→ **Exercise aim**: In the entries that follow, find the line containing "Load image into" and the line containing "792x186 cm vidaXL", then copy exactly everything from the first through the second except the pictures.

→ **Task inputs**:

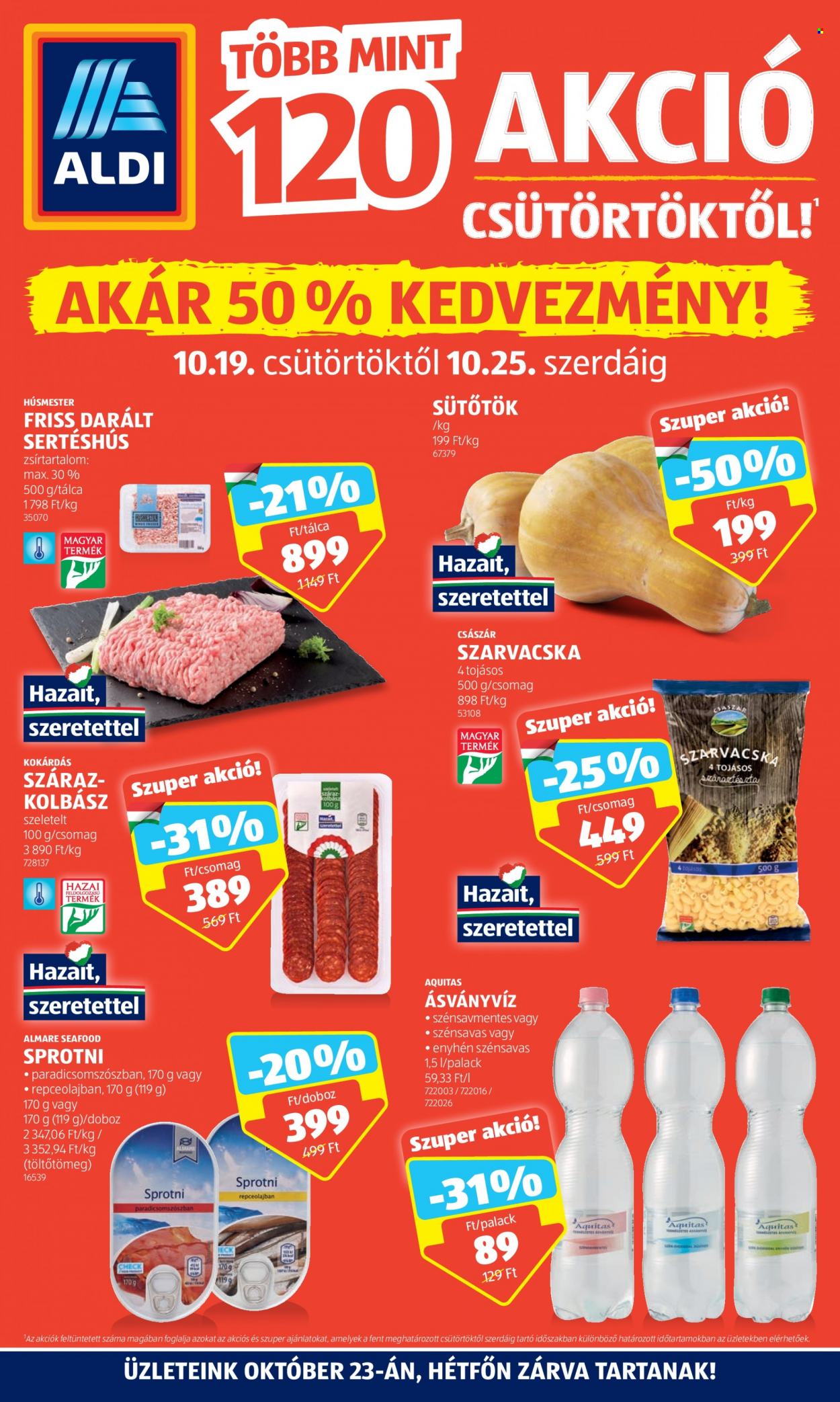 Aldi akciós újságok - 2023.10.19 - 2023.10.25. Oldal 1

* * *

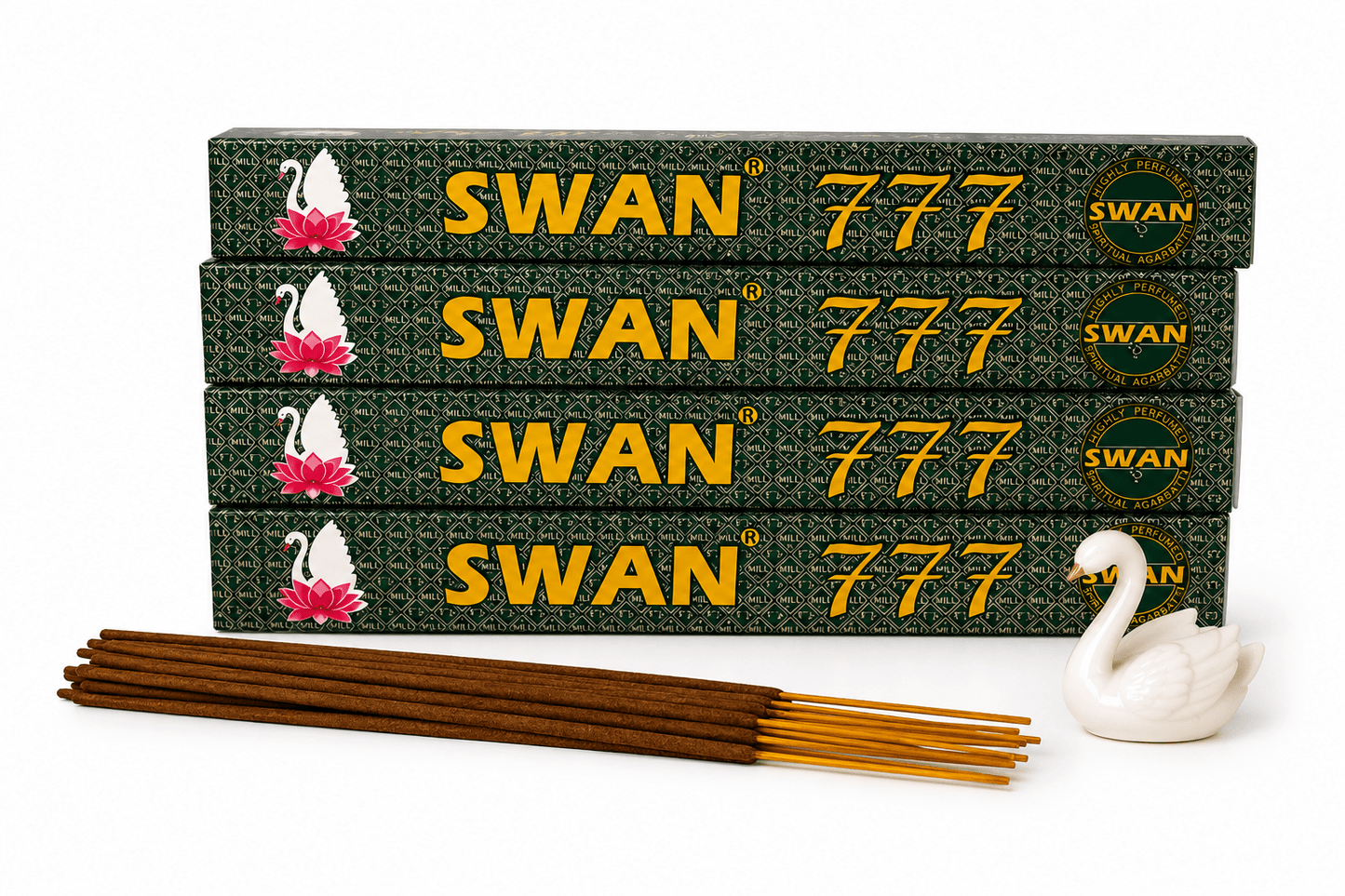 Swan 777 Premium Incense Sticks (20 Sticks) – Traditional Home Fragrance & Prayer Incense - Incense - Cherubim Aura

...

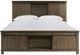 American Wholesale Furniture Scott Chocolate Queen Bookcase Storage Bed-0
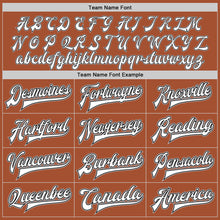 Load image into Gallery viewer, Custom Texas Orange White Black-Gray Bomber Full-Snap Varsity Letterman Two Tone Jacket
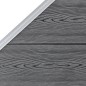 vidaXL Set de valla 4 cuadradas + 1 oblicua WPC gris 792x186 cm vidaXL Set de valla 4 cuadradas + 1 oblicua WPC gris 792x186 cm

→ **Answer box**:
 Load image into Gallery viewer, Custom Texas Orange White Black-Gray Bomber Full-Snap Varsity Letterman Two Tone Jacket
 vidaXL Set de valla 4 cuadradas + 1 oblicua WPC gris 792x186 cm vidaXL Set de valla 4 cuadradas + 1 oblicua WPC gris 792x186 cm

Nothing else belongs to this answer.